Une innovation qui n'a pas manqué de susciter des inquiétudes. Les autorités italiennes ont annoncé leur décision de bloquer le robot conversationnel ce vendredi. Cette décision « avec effet immédiat » aura pour conséquence « la limitation provisoire du traitement des données des utilisateurs italiens vis-à-vis d'OpenAI », créateur de ChatGPT, a indiqué dans un communiqué l'Autorité nationale de protection des données personnelles.
Dans son communiqué, l'Autorité italienne souligne que ChatGPT « a subi le 20 mars une perte de données (data breach) concernant les conversations des utilisateurs et les informations relatives au payement des abonnés au service payant ». Le logiciel a, en effet, connu quelques déboires récemment.
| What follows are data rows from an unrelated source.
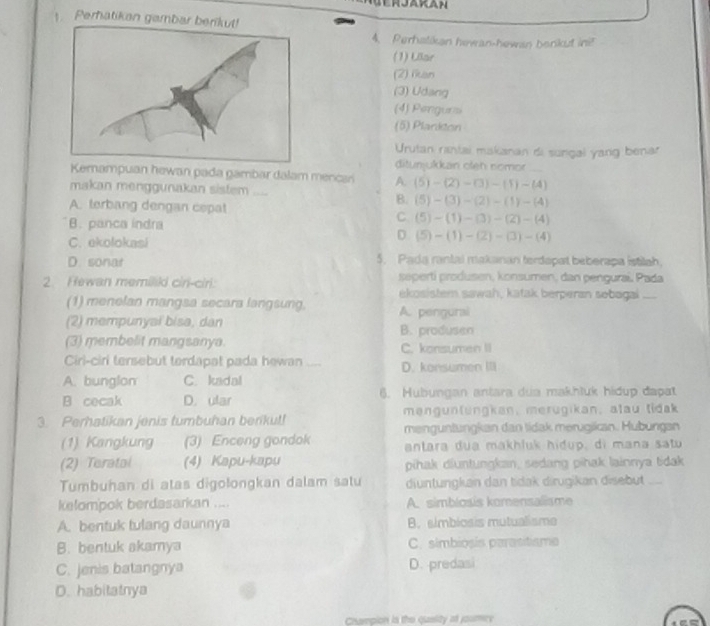 Perhatikan gambar b
4. Perhatikan hewan-hewan benikut ini?
(1) Lllar
(2) ikan
(3) Udang
(4) Penguns
(5) Plarkton
Urutan rantai makanan di sungal yang benar
ditunjukkan oleh nomor
Kemampuan hewan pada gambar dalam mencar A. (5)-(2)-(3)-(1)-(4)
makan menggunakan sisfem ....
A. terbang dengan cepat
B. (5)-(3)-(2)-(1)-(4)
B. panca indra
C (5)-(1)-(3)-(2)-(4)
C. ekolokasi
D (5)-(1)-(2)-(3)-(4)
D. sonat 5. Pada rantal makanan terdapat beberapa istilah.
seperti produsen, konsumen, dan penguraí, Pada
2. Hewan memiliki ciri-ciri: ekosistem sawah, katak berperan sobagai ....
(1) menelan mangsa secara langsung. A. pengural
(2) mempunyai bisa, dan B. produsen
(3) membelit mangsanya C. konsumen II
Ciri-ciri tersebut terdapat pada hewan D. konsumen III
A. bunglon C. kadal
B cecak D. ular 6. Hubungan antara dua makhluk hidup đapat
3. Perhatikan jenis tumbuhan berikut! mengunlungkan, merugikan, atau tidak
(1) Kangkung (3) Enceng gondok menguntungkan dan lidak merugikan. Hubungan
antara dua makhluk hidup, di mana satu
(2) Teratal (4) Kapu-kapu pihak diuntungkan, sedang pihak lainnya tidak
Tumbuhan di atas digolongkan dalam satu diuntungkan dan tidak dirugikan disebut .....
kelompok berdasarkan .... A. simblosis komensalisme
A. bentuk tulang daunnya B. simbiosis mutualisme
B. bentuk akamya C. simbiosis parasitisme
C. jenis batangnya D. predasi
D. habitatnya
Champion is the quaslity af jouricy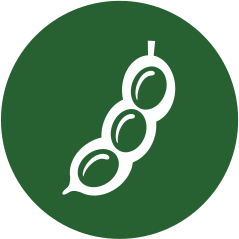 Soia e derivati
Le sérieux site américain, PCMag, a, en effet, révélé que lorsque certains utilisateurs essayaient de s'abonner à ChatGPT Plus, le service à 20 euros par mois d'OpenAI, la page de paiement préremplissait des adresses email d'autres personnes, vraisemblablement abonnées au service. Un bug qui a, depuis, été corrigé. De plus, lorsque certains utilisateurs se connectaient à leurs comptes, ils voyaient dans leur historique (situé dans une colonne à gauche de l'outil) les titres de conversations qui n'étaient pas les leur, mais celles d'autres utilisateurs.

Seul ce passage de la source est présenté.